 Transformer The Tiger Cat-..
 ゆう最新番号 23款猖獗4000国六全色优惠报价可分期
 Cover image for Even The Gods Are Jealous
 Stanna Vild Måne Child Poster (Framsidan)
--
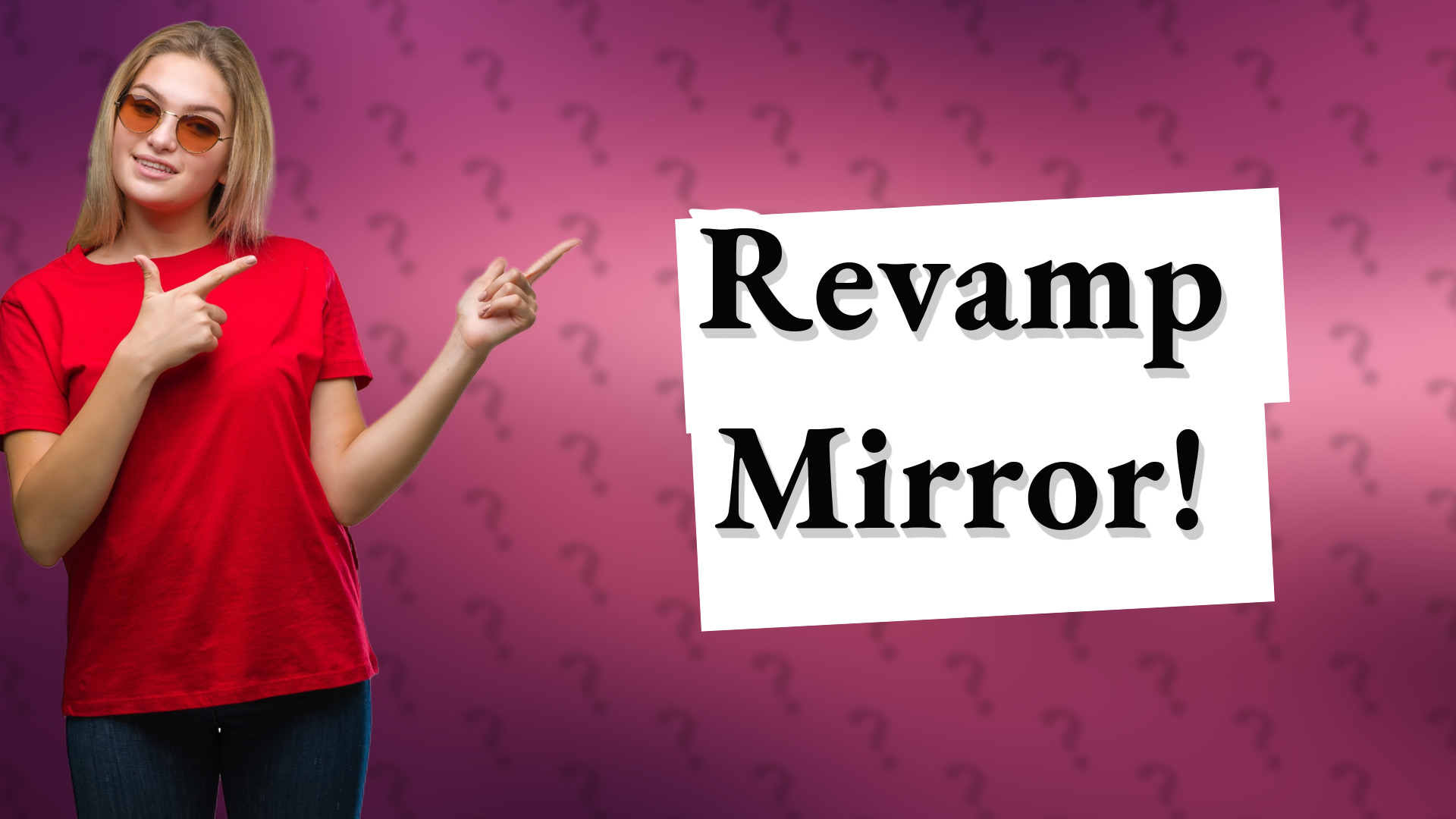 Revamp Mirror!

▶ _Activity_
Begin with the line that has "Cover image for Even The Gods Are Jealous" in the listing above and end after the line that has "Stanna Vild Måne Child Poster (Framsidan)"; output those lines exactly.

▶ _Problem solution_
 Cover image for Even The Gods Are Jealous
 Stanna Vild Måne Child Poster (Framsidan)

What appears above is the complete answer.